Я взял ее за плечи, стараясь заглянуть в глаза. Она подняла ко мне лицо, и тут же потупилась снова. Молча, покачала головой. Я отпустил ее, хотя мне очень хотелось прижать ее к своей груди, окунуться лицом в ее волосы, забыться и уснуть. Вздохнув, я снова посмотрел на ракетоплан.

Из овального чернеющего проема главного входа показалась чья-то лохматая голова. В следующее мгновение на верхнюю площадку посадочного трапа вышел высокий и худощавый мужчина в синем комбинезоне с нашивками штурмана Звездного Флота и в высоких ботинках звездолетчика. Он вытянул за собой из нутра ракетоплана толстый змеистый кабель, намотал его на поручень трапа, и посмотрел на нас. На раскрасневшемся от жары лице его не было ничего, кроме сонливой усталости. Без интереса он оглядел нас троих и так же быстро скрылся за бронированной дверью входного люка.

Я взглянул на часы и повернулся к своим спутникам.

— Пора?

Юли смотрела на меня снизу вверх, потерянно и тоскливо. Я перевел взгляд на Влада Стива. Он ворошил ногой серую пыль на краю бетонного поля. На нас он даже не смотрел.

— Да, пора. До старта осталось двадцать минут.

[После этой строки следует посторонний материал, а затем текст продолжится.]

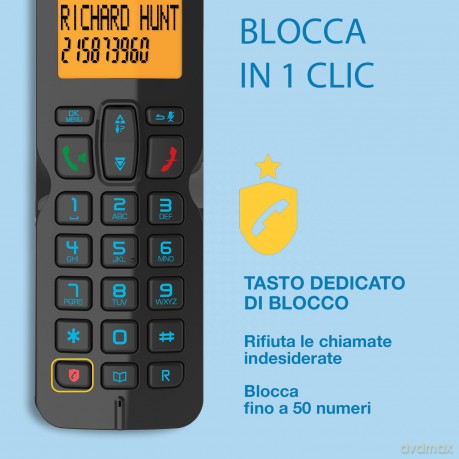 Alcatel S280 Solo Blue
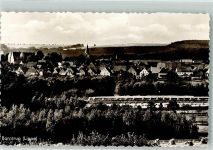 32683 W4924 Barntrup FOTO KEINE AK Foto Original aus Archiv eines Ansichtskartenverlags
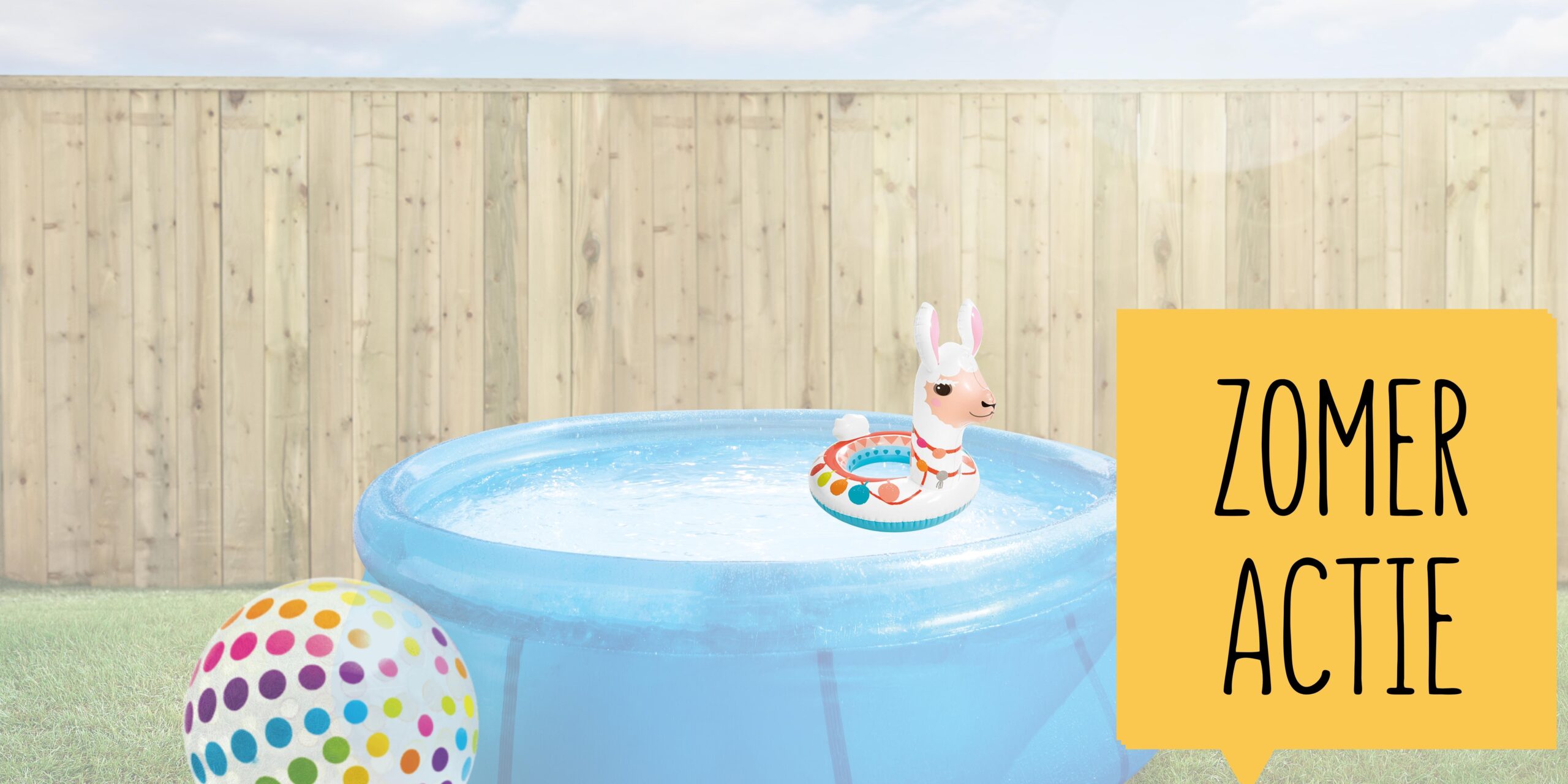 Zomer actie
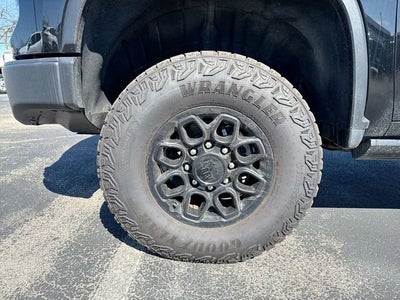 2024 Chevrolet Silverado 2500 HD ZR2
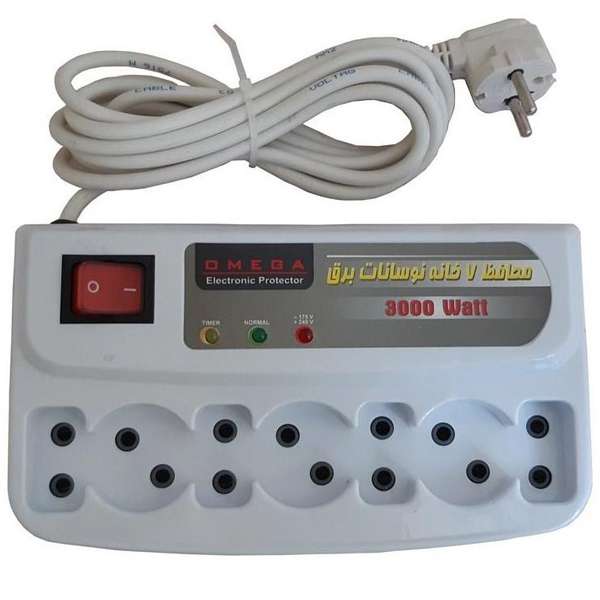 چندراهی برق امگا کد 722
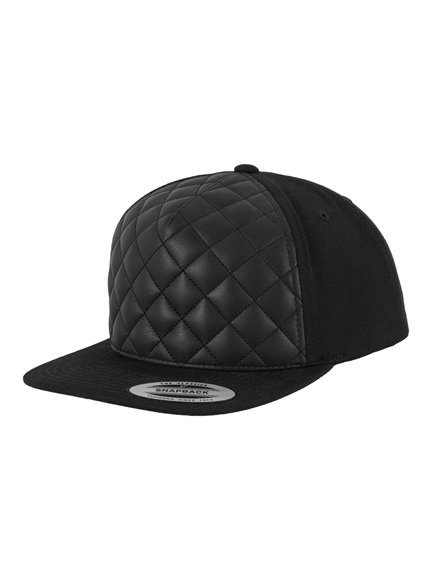 Yupoong Special Diamond Snapback Cap Flexfit Cap Kappen Hüte Grosshandel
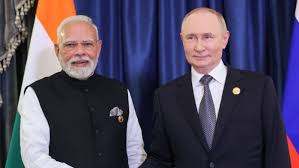 भारत रूस संबंध स्थिरता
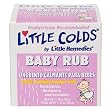 Little Colds Baby Rub Soothing Ointment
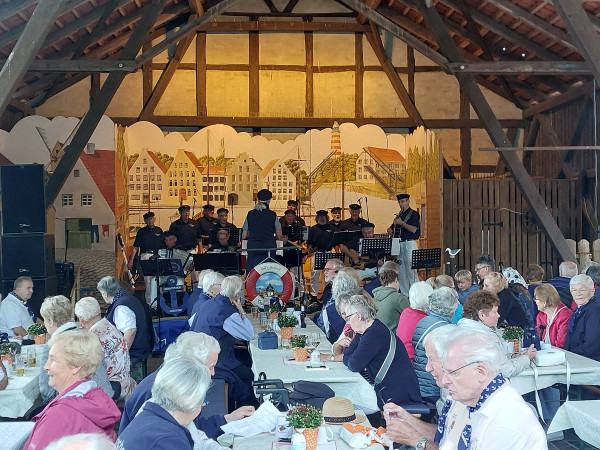 Shanty Festival Nendorf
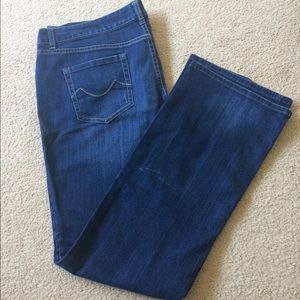 Flare Bootcut Jeans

Вам нужно идти в укрытие.

Я снова взял ее за плечи. Она вся напряглась, но глаз на этот раз не отвела.

— Я всегда мечтал подарить тебе весь мир, а дал только горе… Прости меня, если сможешь.

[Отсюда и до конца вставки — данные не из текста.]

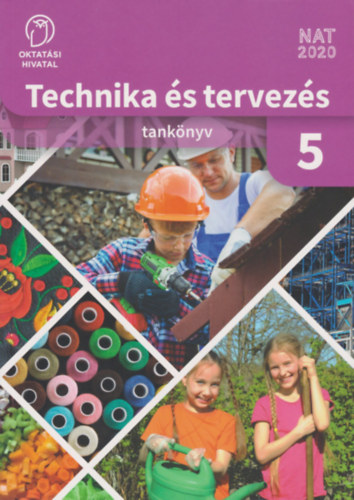 Trescsik Angla - TECHNIKA S TERVEZS 1. TANKNYV (OH-TET01TA)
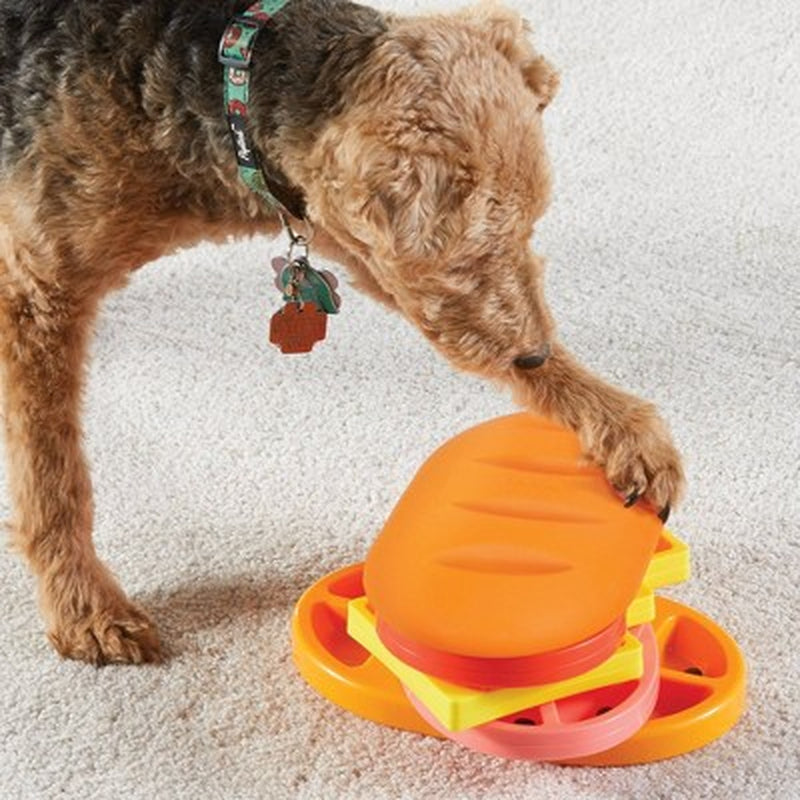 Pupstrami Dog Treat Puzzle Toy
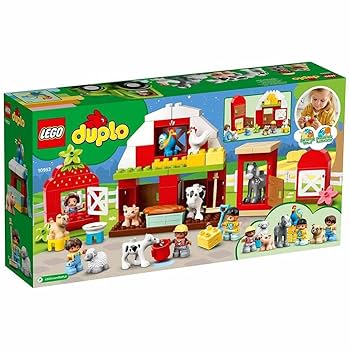 レゴ 骨馬 たのしいぼくじょう 10952 | DUPLO® |レゴ®ストア公式オンライン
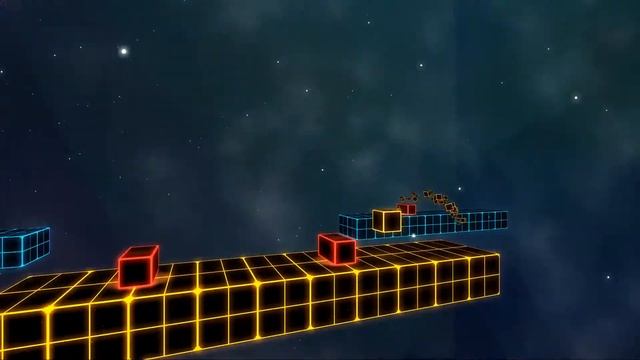 Let's play Cuber Runner смотреть онлайн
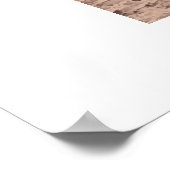 RehoBeide Strand Poster (Ecke)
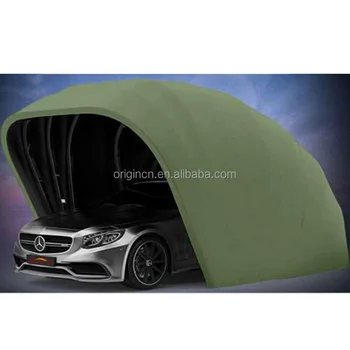 Super Sturdy Portable Lockable Carport Retractable Folding Car Garage Tent Buy Retractable Folding Car Garage Tent Carport Portable Carport Product On Alibaba Com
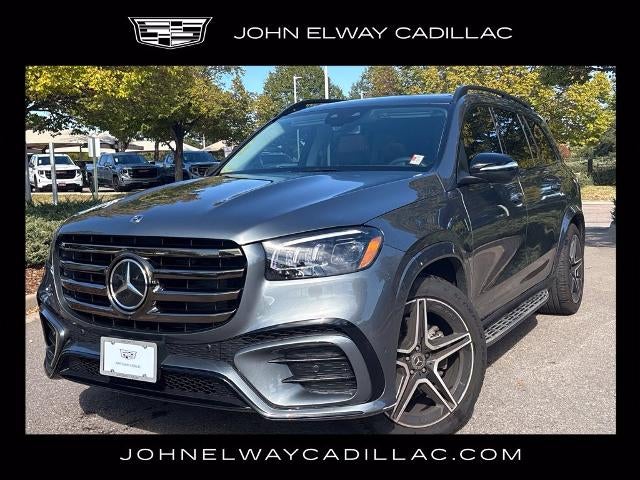 2026 Mercedes-Benz GLS GLS 450 4MATIC® SUV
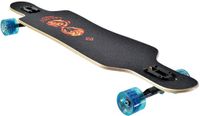 Street Surfing Freeride Longboard 39 inch Curve Holy Cube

Юли опустила веки. Кончики ее губ дрогнули. Мне показалось, что она вот-вот заплачет, но глаза ее оставались сухими. Она еще ниже склонила голову, произнесла совсем тихо:

— Не могу плакать… наверное, все слезы уже выплакала.

Она посмотрела на меня, и глаза ее сухо блеснули. Я подошел к Стиву, пожал ему руку.

— И вы простите меня. Я был плохим учеником и неверным другом… Вы многое сделали для меня, но я был не достоин вашей заботы… Никогда.

Стив смотрел себе под ноги, непривычно сутулясь, и молча, разминал пальцами тонкий сухой стебелек. Я хотел еще что-нибудь сказать ему, но понял, что все слова сейчас бессмысленны. Что я мог сказать ему в эти последние минуты? Я растерянно оглянулся на Юли — безнадежно поникшую и съежившуюся, словно от пронзительного холода — и быстро зашагал к ракетоплану.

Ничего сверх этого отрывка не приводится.